## Assignment:
In duplicating the lines below, keep every word unchanged and drop the pictures.

## Data:
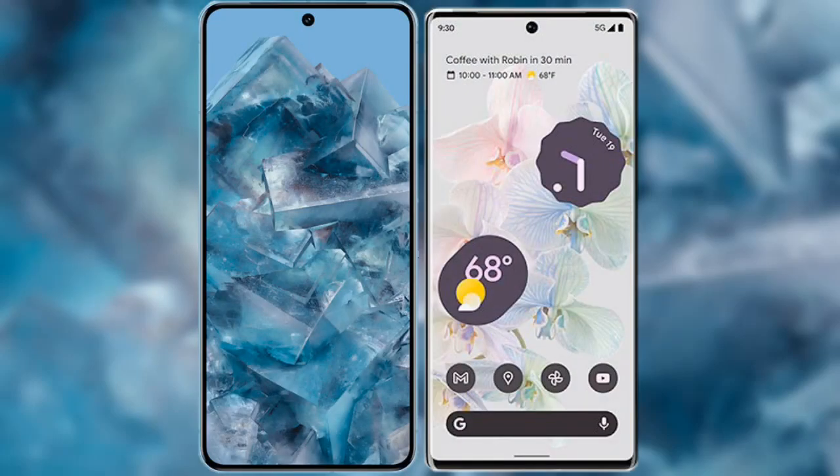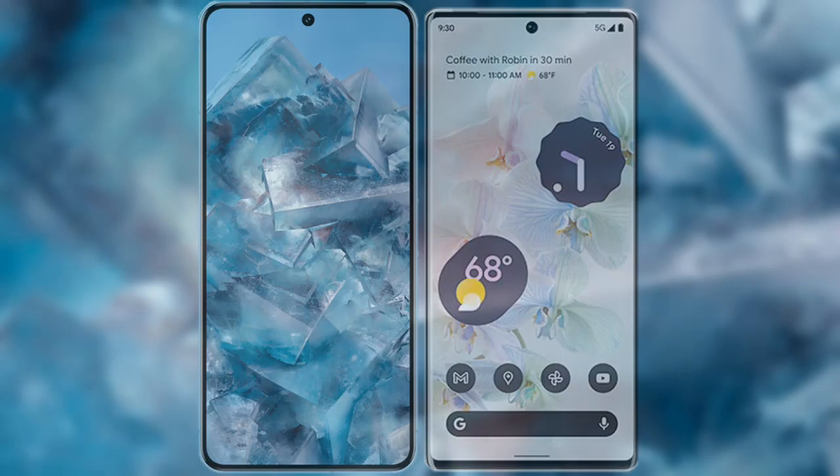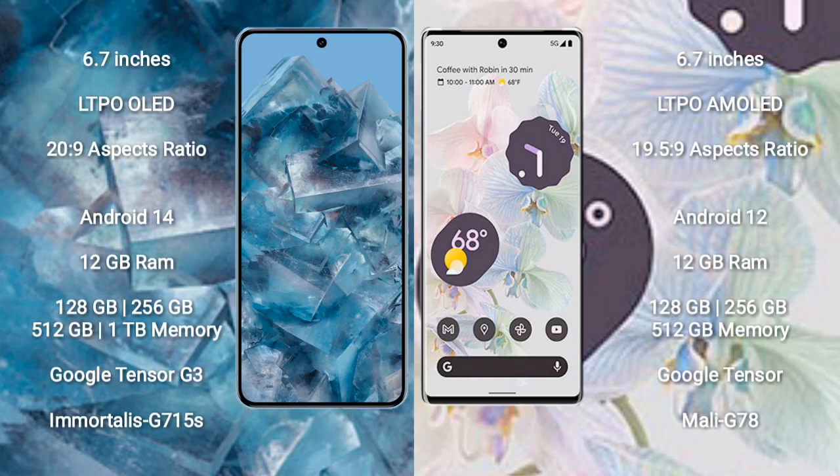I will compare the new Google Pixel 8 Pro with the Google Pixel 6 Pro. The Google Pixel 8 Pro comes with a 6.7-inch LTPO LED display and aspect ratio 20:9. The Google Pixel 6 Pro comes with a 6.7-inch LTPO AMOLED display and aspect ratio 19.5:9.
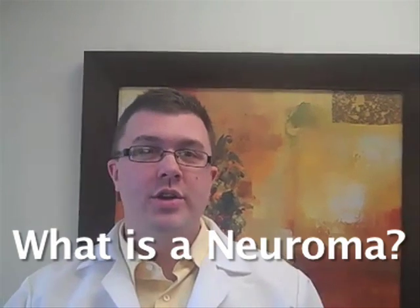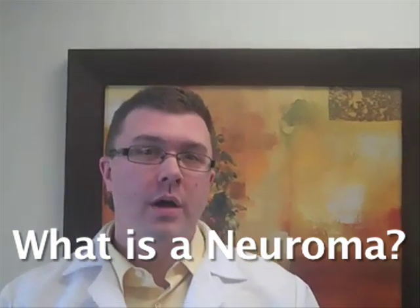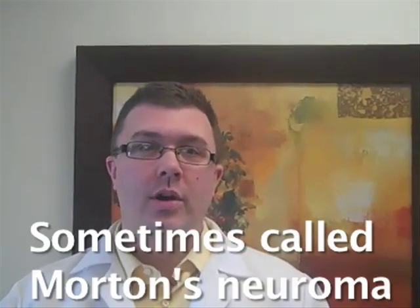Hi, I'm Dr. Mike DeBruhl and our question is: what is a neuroma? A neuroma, sometimes called Morton's neuroma, is a painful nerve irritation — a nerve entrapment on the bottom of your foot.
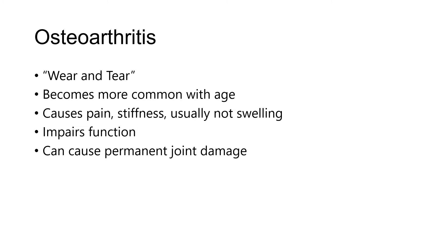Osteoarthritis usually does not cause swelling in the joints — it certainly can, but this would not be common. Of course, because of pain and stiffness, it can impair function and can also cause permanent joint damage.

## The answer:
I will compare the new Google Pixel 8 Pro with the Google Pixel 6 Pro. The Google Pixel 8 Pro comes with a 6.7-inch LTPO LED display and aspect ratio 20:9. The Google Pixel 6 Pro comes with a 6.7-inch LTPO AMOLED display and aspect ratio 19.5:9.
Hi, I'm Dr. Mike DeBruhl and our question is: what is a neuroma? A neuroma, sometimes called Morton's neuroma, is a painful nerve irritation — a nerve entrapment on the bottom of your foot.
Osteoarthritis usually does not cause swelling in the joints — it certainly can, but this would not be common. Of course, because of pain and stiffness, it can impair function and can also cause permanent joint damage.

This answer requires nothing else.